A Good Story

I was trimming a jungle of tomato vines on a beautiful summer day when I found myself thinking about the parable of the lost son in Luke 15. As I pulled vines, searching for fruit, my thoughts drifted to the father in that story. I began to wonder if he saw his son’s request coming? And if so, how he must have felt when his son asked him for ‘his’ part of the inheritance? I tried to picture the time of day and circumstance surrounding this request. Had it come after morning chores? Family dinner? Was their land ripe for harvest? What did the air smell like?

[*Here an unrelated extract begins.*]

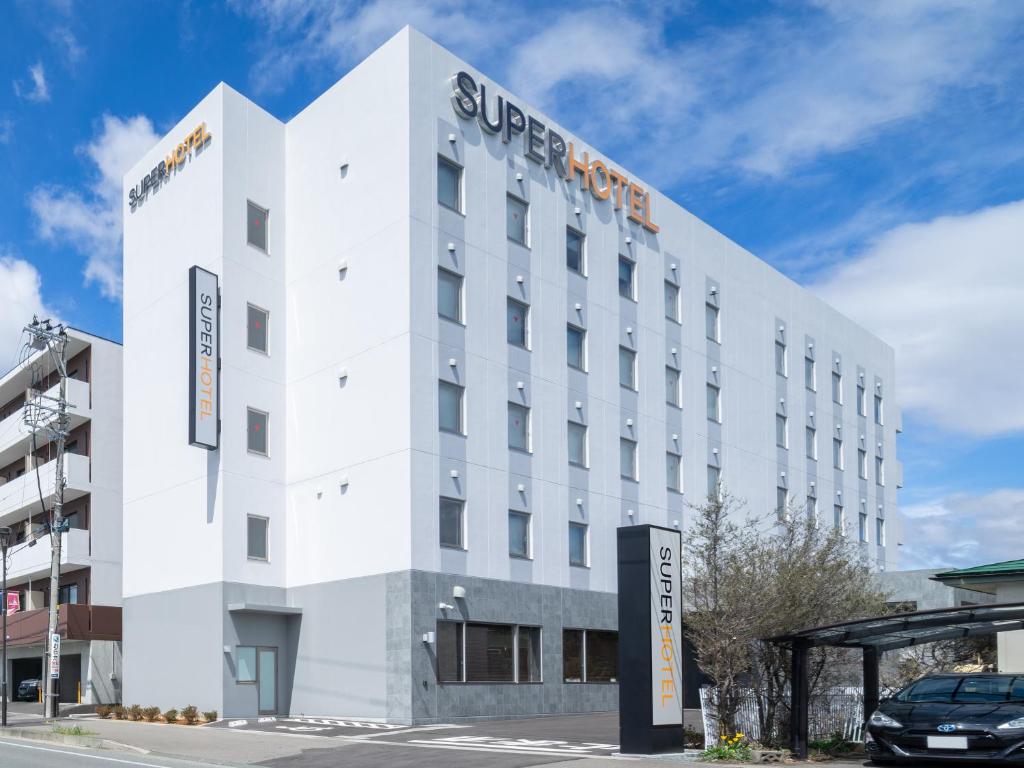 a white building with a super hotel sign on it at Super Hotel Yahaba Station East Exit in Yahaba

A few weekends previously, I had led a group of our young adult gals through a Discipleshift as they prepared to lead small groups this fall. During our small group time, we had someone tell the story of the lost son from memory, and then as a group we rebuilt the story and then read through it from our Bibles and Bible Apps. This process gave us the opportunity to hear, rehearse, and read the story. Each of us had the opportunity then to share how we related to any of the characters in the parable. What a time of rich sharing as we let our response to God’s word lead our conversation!

We are people who love stories; we were made to hear and be a part of stories. Often, we have a visceral response when people tell us a story and we physically lean-in toward the storyteller out of curiosity. Pictures and images, perhaps even memories, smells, and sounds might float through our brain as we engage in active listening. We cheer for underdogs and boo at villains. Stories shape us, impacting our view of what could be and should be. A good story will challenge the way we see the world and how we think the world should work.

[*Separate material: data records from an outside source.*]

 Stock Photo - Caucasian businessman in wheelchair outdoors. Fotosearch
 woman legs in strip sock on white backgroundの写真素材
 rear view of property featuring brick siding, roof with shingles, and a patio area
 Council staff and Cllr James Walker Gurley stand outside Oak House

Following Jesus means we are choosing to enter into HIS story. We are learning who he is and becoming like him in character and values, and ultimately, we are joining him where he is at work in our world. This requires transformation and change. A change in how we see the world and how it works, who we think we are and God is, how we see others, and what determines what is good, right, and flourishing or what is harmful and evil. Those are deep transformative processes. As disciples and disciple-makers following Jesus we get to help each other in this beautiful, messy process.

This kind of change takes relationships with people who model for us how God can change us – where our transparency is met with empathy and grace. It also requires us to become centered in God’s way, truth, and life. We must exchange our old ways of being and doing, and our values and beliefs, for God’s new ways.

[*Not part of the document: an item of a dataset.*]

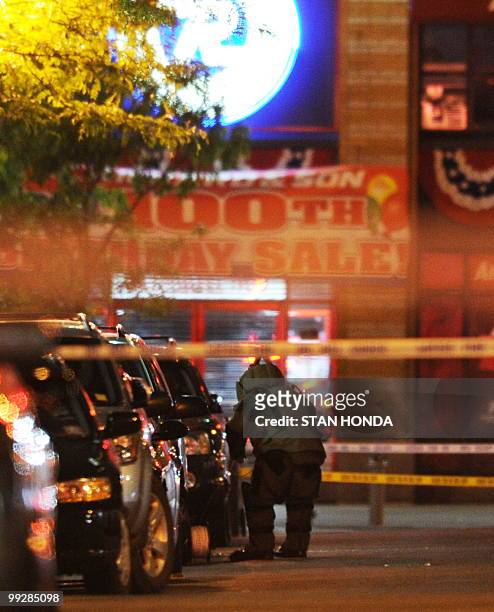 New York Police Department bomb squad member investigates a gasoline can that was in a suspicious vehicle early Friday, May 14, 2010 near Union...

This transformation takes more than just information. One vital way we can help each other engage with God’s word is through the tool of ‘storying’. Hearing the passage told, rebuilding it, reading it, discussing it helps us interact with the Bible in several different ways. Storying is more than just repeating the passage the best you can, storing brings in an element of meditation and rumination. The Bible was written to be meditated on, to be ruminated over, not so we could become the best at bible trivia. It’s meant to go down deep into our hearts, minds, and imaginations. To form our character, our values, to give us a grid to see the world God’s way, to become Jesus’ people.

We have to recognize there is no magic tool or curriculum in disciple-making. But curriculum IS an important part of an intentional leader’s plan and something to think carefully about when wanting a biblical foundation to be laid into the hearts and minds of those we are investing in.

When I am looking at curriculum or crafting discussion questions I think about a few things.

  • What conversation will this spark?

  • How do these questions/passages help people engage with God’s way of how he says life works?

  • What roadblocks, strongholds, or belief systems will this help us address?

  • What trust will be needed for or built through this discussion?

  • How will it help us build relationship with each other and with God?

  • What kinds of responses will this lead us to take after we leave our time together?

My hope is for all of us to engage at the head, heart, and hand levels. This may mean I need to adjust the questions in a curriculum I am using to ensure we cover those three levels.

Learning to use storying as a tool of disciple-making has taught me how engaging with God’s word is not about finding the right answer to fill in a blank with but about letting the richness of truth sink deep into each other’s hearts and minds.

As I continued dealing with the tomatoes, thinking about the father, my mind drifted to each young women in my group, what they shared and which character they related to in the parable. I prayed for each one of them as I snipped vines. And I thought about why I was so drawn to the father in this season of my life. I had shared with the girls I wanted to understand the father better. Someone very near and dear in my life most likely will be making choices like the younger son. I can see it coming. I want to respond like the father. We talked about how God treats each of us, and how this story reminds us that even though God allows us to go our way, he watches for us on the road, runs to embrace us with a robe, sandals, and gives us a family ring upon our return. What is like for us to live into this type of blessing? What is like to prepare to give this blessing to others? By the end of our time together, we loved God even more because of how he loved us, which made us more confident to love others well in our next season of leading and being Jesus followers. It was a good story. It is good to tell, re-tell, read about, talk about, and meditate on it.